De ce côté de l’Atlantique, une étude menée par l’European Bathroom Forum (EBF) et YouGov sur 4.000 Européens a montré que 58 % des femmes préfèrent des douches à des températures supérieures à 40 °C, contre 49 % des hommes. Pour élargir le propos, en Asie, le Journal of Building Engineering a également étudié la question auprès de 150 ménages, constatant que les femmes règlent la température à des niveaux plus élevés (41 – 43 °C) comparativement aux hommes (38 – 40 °C). Une tendance semblable se dessine ainsi à l’échelle mondiale.

En matière physiologique, « le métabolisme des hommes est en moyenne supérieur à celui des femmes. L’homme produit donc plus de chaleur ; il n’a pas besoin d’en ajouter », indique Michaël Rochoy, médecin généraliste dans le Nord. De plus, les hommes ont généralement une plus grande masse musculaire, source de chaleur supplémentaire. Moins flatteur, les hommes sont aussi souvent plus en surpoids – 36,9 % contre 23,9 % – ce qui les rend davantage sensibles aux températures élevées.

De nombreuses études ont par ailleurs révélé que, même en dehors de la douche, les femmes sont en moyenne plus sensibles au froid que les hommes. La température idéale se situerait entre 22 et 24 °C pour les hommes, contre 24,5 – 26 °C pour les femmes.

Des hormones, en particulier la testostérone, permettent également aux hommes de mieux supporter le froid. Cela pourrait expliquer que les hommes deviennent plus sensibles au froid avec l’âge, alors que le taux de testostérone chute après la trentaine. À l’inverse, chez les femmes, l’œstrogène a tendance à épaissir le sang, ce qui rend la circulation vers les extrémités plus difficile, causant un refroidissement. Une étude de l’université de l’Utah de 1998 a montré que la température des mains chez les femmes était plus basse de 1,6 °C.

Les explications ne se limitent pas à des facteurs physiologiques. « De nombreuses études suggèrent que cela pourrait aussi découler d’une habitude comportementale. Les femmes auraient davantage de chances de préserver leurs enfants en les protégeant des variations de température », propose Michael Rochoy.

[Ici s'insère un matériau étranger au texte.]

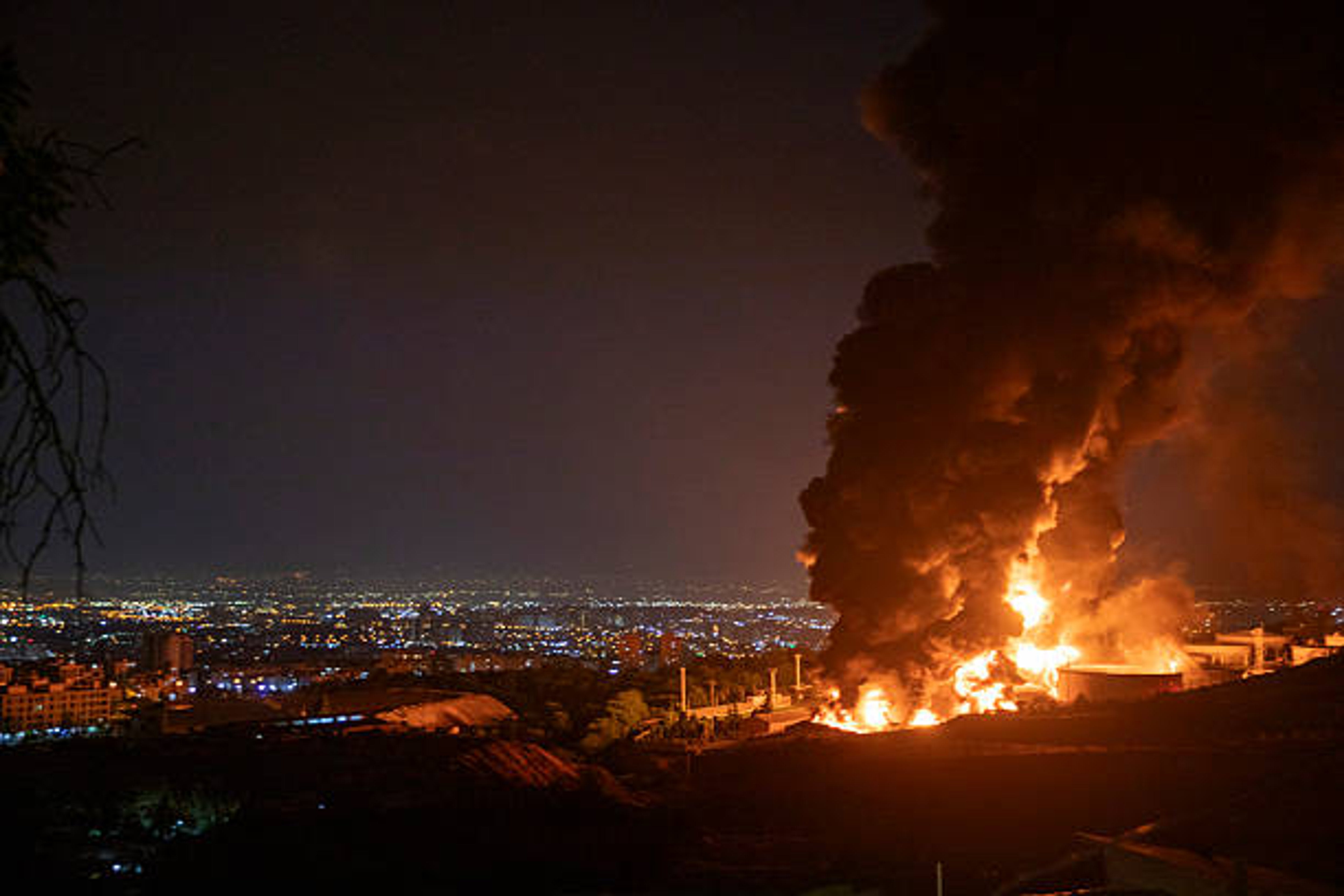 Iran Launches New Wave of Missile Attacks on Israel, Death Toll Rises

Mais pourquoi se concentrer spécifiquement sur la douche ? Dans les autres pièces, la température est généralement identique pour tous et souvent pensée pour les hommes. En 2015, des chercheurs néerlandais ont constaté que les climatiseurs courants étaient conçus pour un homme d’environ 40 ans pesant 70 kg, ce qui surestime le taux métabolique des femmes de 20 à 30 % en moyenne, selon Boris Kingma, coauteur de l’étude. La douche constitue un rare exemple de température individualisée, ce qui pourrait expliquer le malaise chez les hommes.

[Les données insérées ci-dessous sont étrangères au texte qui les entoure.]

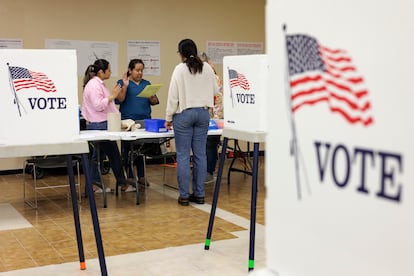 Funcionarios electorales prestan juramento, en Brownsville, Texas, el 5 de marzo.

Enfin, l’utilisation de la douche (et de la salle de bains en général) mérite d’être mentionnée. Les femmes y passent en moyenne plus de temps (25 minutes contre 15 pour les hommes par jour) et sous la douche, elles utilisent 8 minutes contre 7 pour les hommes. « Plus le temps passe, plus la température corporelle baisse, ce qui pourrait expliquer pourquoi les femmes préfèrent des températures initialement plus élevées », conclut Michael Rochoy.

Pour Sophie, c’est évident : « Mon homme ne fait pas la différence entre un après-shampoing et un gel douche, et vous pensez qu’il est capable de gérer la température de l’eau ? Ce ne sont pas les femmes qui prennent des douches trop chaudes, ce sont les hommes qui en prennent des trop froides ».